#### AIM OF THE EXERCISE:
The following entries are to be repeated exactly, and the pictures are to be left behind.

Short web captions
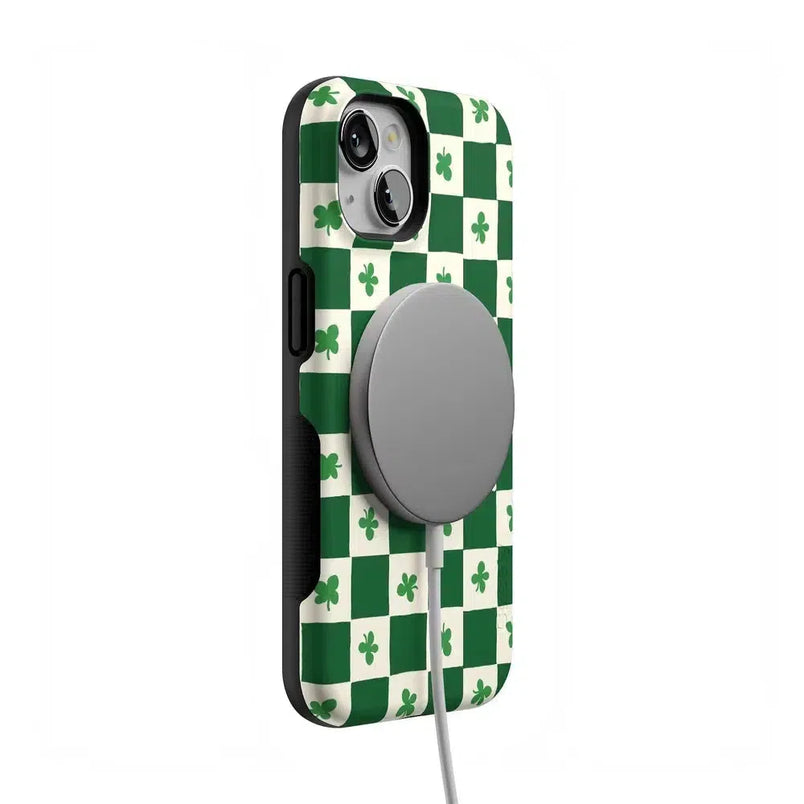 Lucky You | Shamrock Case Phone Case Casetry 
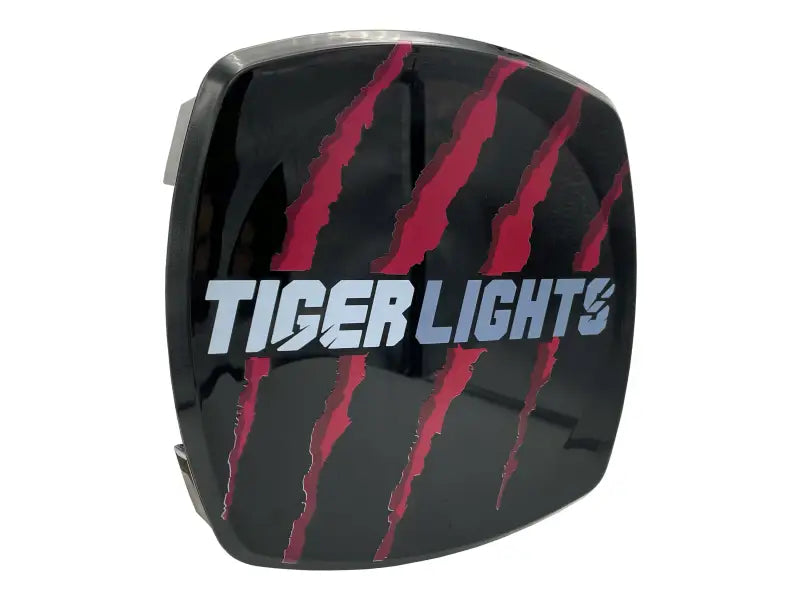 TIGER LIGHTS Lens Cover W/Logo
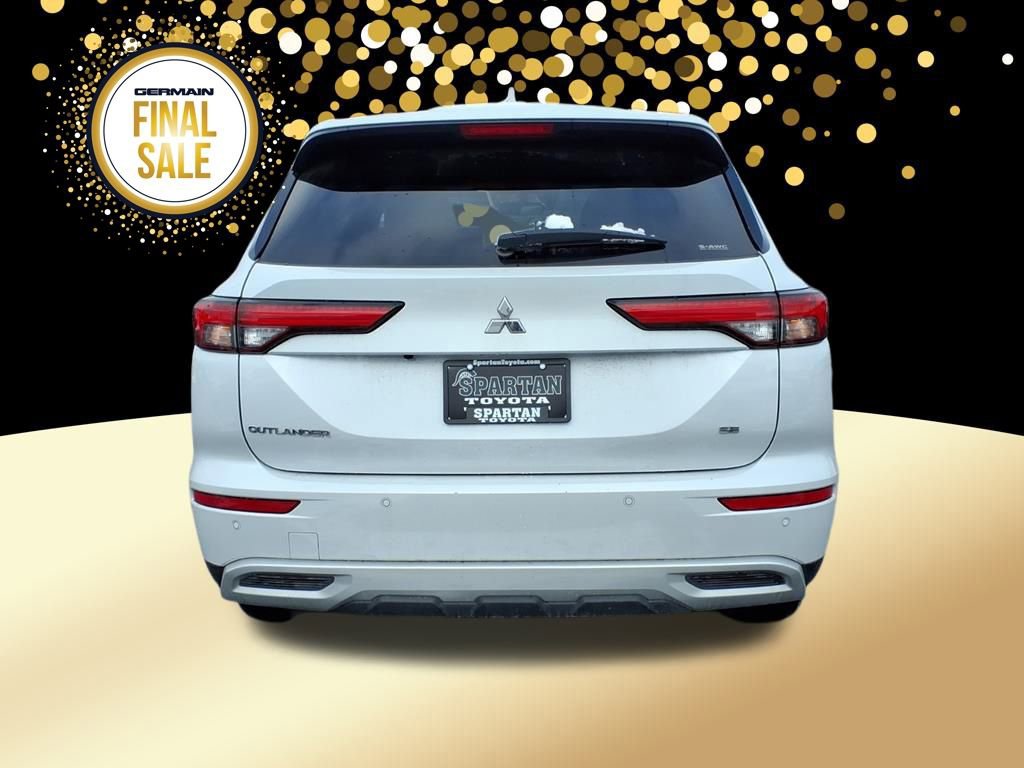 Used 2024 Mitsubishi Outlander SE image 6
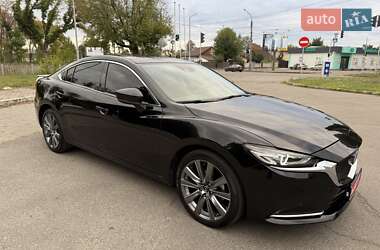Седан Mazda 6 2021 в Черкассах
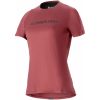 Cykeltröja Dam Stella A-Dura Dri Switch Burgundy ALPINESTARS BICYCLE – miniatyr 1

#### TASK RESULT:
 Lucky You | Shamrock Case Phone Case Casetry 
 TIGER LIGHTS Lens Cover W/Logo
 Used 2024 Mitsubishi Outlander SE image 6
Седан Mazda 6 2021 в Черкассах
 Cykeltröja Dam Stella A-Dura Dri Switch Burgundy ALPINESTARS BICYCLE – miniatyr 1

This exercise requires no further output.